The nice thing about gasifiers is that they don't produce any smoke or creosote, so they're more environmentally friendly than a conventional boiler, require little or no chimney maintenance, and are, as a result, much safer. If you buy a conventional boiler like the Benjamin you are considering, you'll have to deal with smoke and creosote and the resulting 30-40% efficiency (compared to 80-90%) that results from the smoke going up the stack instead of being burned for heat. A gasifier burns the wood in an upper chamber and then pulls the smoke down into a lower chamber and burns it at around 2,000 degrees. A conventional boiler like the Benjamin CC500 has one firebox, where wood is burned and the smoke is allowed to escape up the stack. The smoke is lost efficiency and air pollution. Simple as that. Most--but not all--gasifiers use a blower to supply air to the burning chambers. Look at the diagram on the left side of the top banner for Cozy Heat. That's a cutaway view of a downdraft gasifier. If you go to the website you can watch a video of the thing working (pretty impressive) and see all the relevant specifications.

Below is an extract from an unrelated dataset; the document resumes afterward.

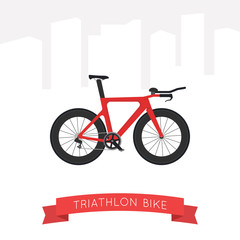 Vector illustration of bike for triathlon in flat style.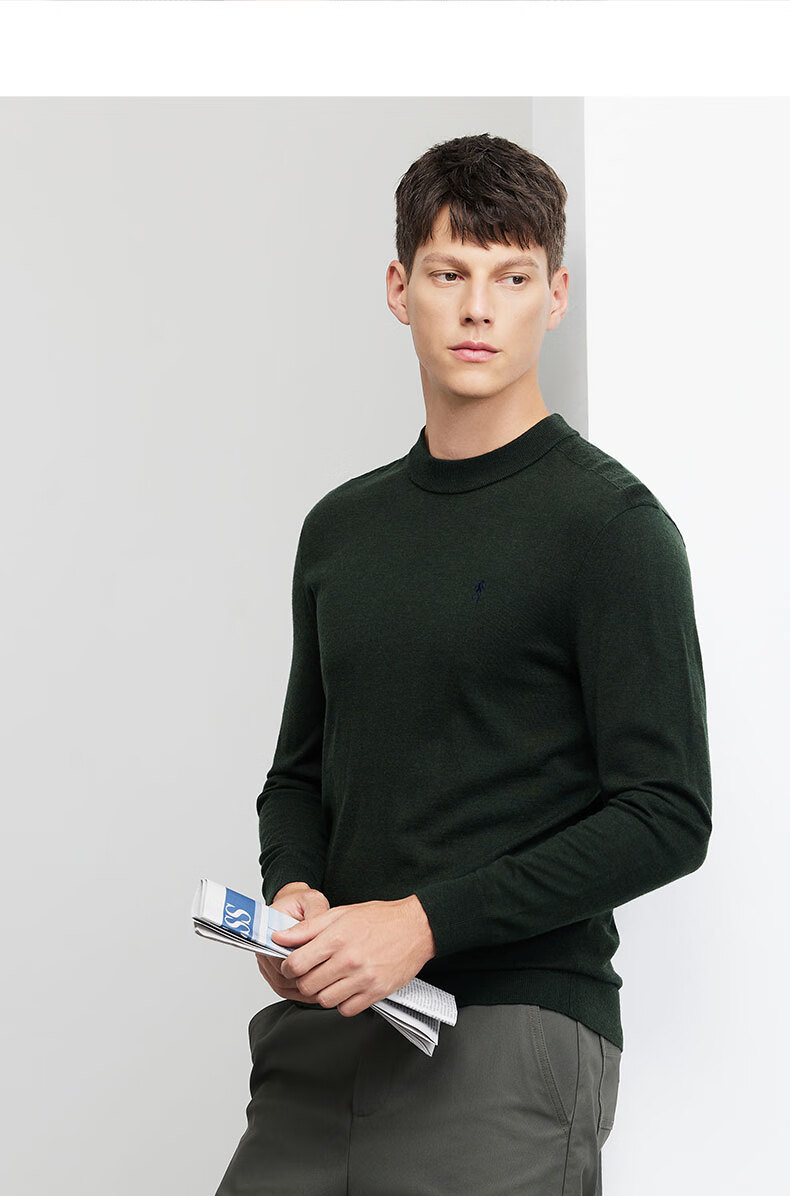 DANCING WOLVES Machine Washable Crew Neck Knitted Sweater Men's Autumn Winter Embroidered Warm Top 001 Black Size 185 3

Here's the link to the manufacturers' website and the page for the Benjamin CC500. It doesn't give any details or specifications, so it's hard to say how big that boiler is, but I'm guessing 75 or 100K btu. The EKO 25, for example, puts out 80K btu per hour. I'm always suspicious of product descriptions that spend a lot of time talking about basically irrelevant product features (i.e., "Dutch Oven" effect) without talking about specifics. What's its _overall_ efficiency when burning wood? How big is the firebox? What's the output?

http://www.apimaine.com/CC500.html

And they talk about the "Energy Star" rating, without providing any details, either. My strong hunch is that any Energy Star rating they get will apply to the oil side only--not the wood, despite the strong implication to the contrary.


----------



## webbie

I sold and also used the basic Benjamin wood boilers with the "dutch oven" design. This design is a simple cylinder - nothing else. No enhanced combustion features.

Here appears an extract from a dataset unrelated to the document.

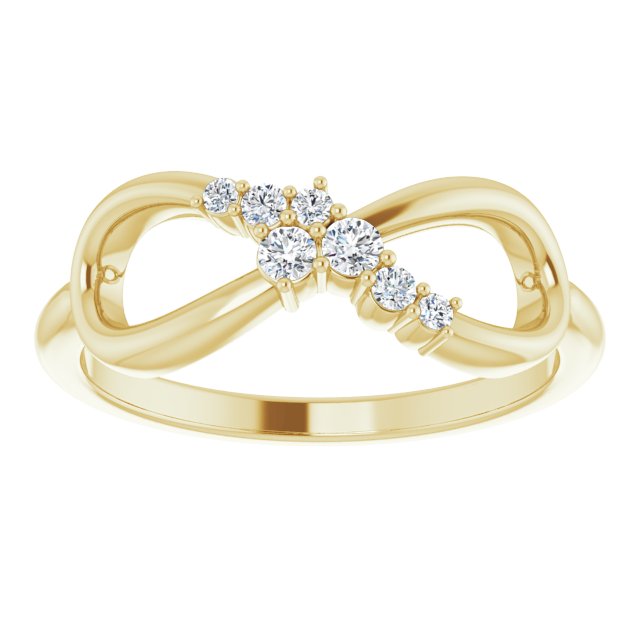 Accented Infinity Inspired Lab-Grown Moissanite Ring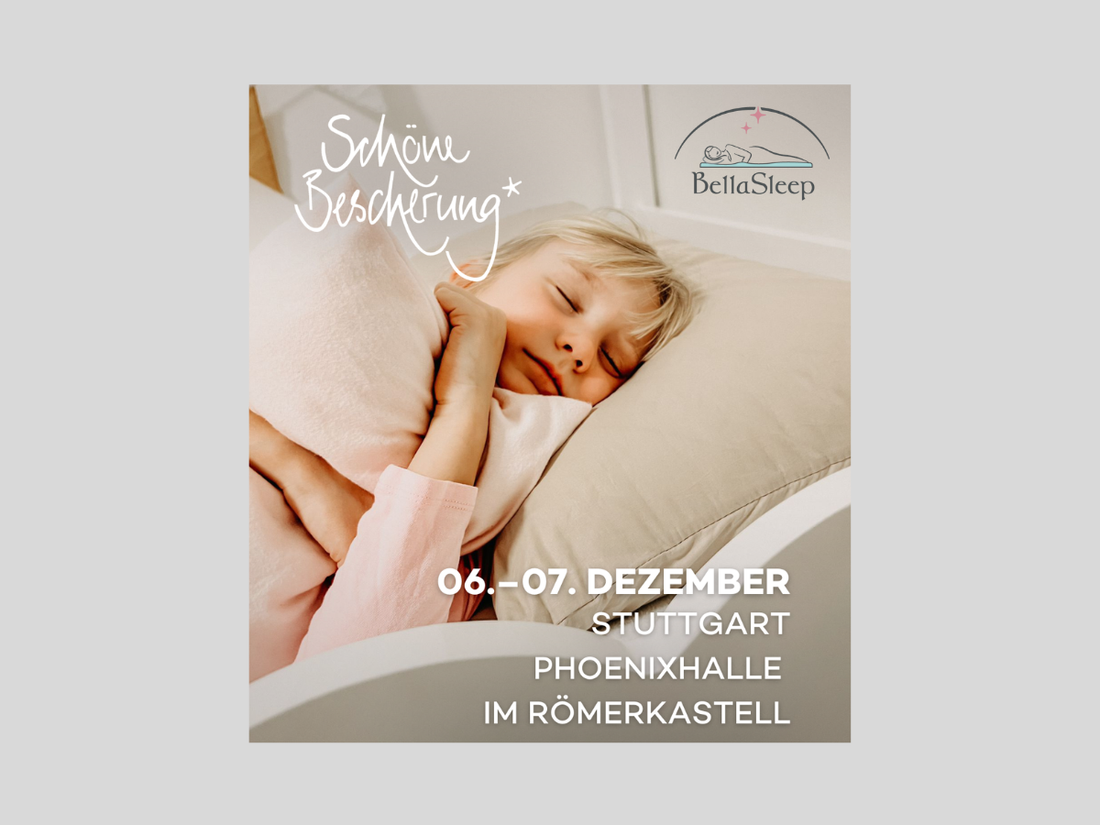 Kind schläft auf hellem Kissen – BellaSleep Ankündigung für Schöne Bescherung am 06.–07. Dezember in der Phoenixhalle im Römerkastell Stuttgart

As to boiler sizing, I think you have to have a heat load done on your house. Sq feet is not a good criteria to go by, because construction and climate can differ.

Yes, I am talking about 30-40% on the wood side, keeping in mind that our members here have tested some of the best boilers on the market and only gotten 60% or so. In terms of pollution output, a basic boiler like the B would put out 10x as much than a high efficiency downdraft (gasifier).

I know that the new generation costs more - any way you look at it the total $$ on a hot water wood central heating system can add up fast.


----------



## Eric Johnson

Are you working with a contractor who sells the Benjamin and wants to install it in your house, or did you research this on your own? If the former, did he do a heatloss calc on your house to determine your needs?

You can do your own heat loss calc by downloading the free calculator here:

http://www.heatinghelp.com


----------



## gshep

Thank you both for your insight


----------



## Mainewood

gshep said:
			
		

> Hi,
> I'm wondering if there's anyone who can help me with this. I'm in search of a indoor wood/oil boiler. I've spoken with Tarm regarding their product; for the most part it appears that their units are too large for my space. My house is approx. 1000 sq. ft. w/hot water baseboard heat. Does anyone have any experience with the Benjamin cc500. Is this a good unit? Additionally what should I be concerning myself with when looking for multi-fuel boilers. Thus far; there doesn't seem to be many manufactors of combo units.



gshep, The CC-500 may be a good option in your situation, since you are looking to replace an old oil boiler.  It would probably cost you about $10,000 to purchase and install in the place of your old boiler.  The wood portion of the boiler is not as clean or efficent as the gassifiers, but it provides a cost effective way of burning wood to heat your home and domestic hot water. The oil side of the CC-500 has been tested and yields 85% efficency, with either Riello or Beckett burners. The wood and the oil fire in 2 seperate chambers so that wood smoke does not come into contact with the oil burner.  Here are some real world observations:  I have operated a Benjamin wood boiler in my home for 3 yrs.  Before installing the wood boiler I used 1100 gals of heating oil.  I have used about 300 gals of oil and 5 cords of wood to heat my home for the past 3 heating seasons.  I am getting about 8 hrs of burn time before re-loading.  Burn times will vary with outside temps & type of wood.


----------



## gshep

Thanks Mainewood for sharing your experience, I will take it into consideration. 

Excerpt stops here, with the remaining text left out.